How to Think Like an Interior Designer: Harmony - Conestoga Tile

How to Think Like an Interior Designer: Harmony

Photo Credit: Mediterranea Sahara series, 8 x 48 Autumn

Harmony is the perfect balance between all of the elements and principles of design as a whole.  It is the final draft to all of your creative ideas and input from the entire decorating process.  Everything is right where it is supposed to be, and the process finally feels finished. It is described as more of a feeling and tends to be difficult to define.  The two most important principles at the heart of harmony are unity and variety.  It is the precise balance between the two that is responsible for the sense of completeness you feel when you have placed where it should be.

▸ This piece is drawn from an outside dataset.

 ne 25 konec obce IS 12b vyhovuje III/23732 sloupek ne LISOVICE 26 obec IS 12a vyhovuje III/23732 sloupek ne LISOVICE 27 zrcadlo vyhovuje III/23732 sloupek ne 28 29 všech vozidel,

Unity is a sense of cohesiveness between the design elements in the room while variety provides visual interest.  Though they seem to work against each other, they are the yin and yang that glues the room’s look together.  A room may be unified with similarly styled furniture while you can spot variety through interesting accessories and unusual-looking lighting fixtures.  Plain solid colors can be spiced up with textures and patterns that draw the eye.  Using decor with curved and free-form lines can add unpredictability to an otherwise traditional looking room.


More important than the symmetry of unity and variety is that the space functions correctly when the design is complete.  You can have an arrangement that is as gorgeous as a magazine cover, but if the room cannot be used for its primary purpose, you will get no enjoyment out of it.  Choose materials that are well made and built to last, light bulbs that are energy-efficient and textures that cause the room feel personalized and welcoming.  Don’t be afraid to reinvent your existing decor or incorporate new pieces along with it.  A blank slate is not needed to achieve harmony, just an open mind.


While the thought of applying all of the knowledge you have received in this post and its seventeen predecessors may seem overwhelming, try breaking it all down into more manageable sections.  Your design should start with general goals and become more precise as you pinpoint what elements are going to be dominant and which ones will help build the foundation of its look. One step at a time. You can do this!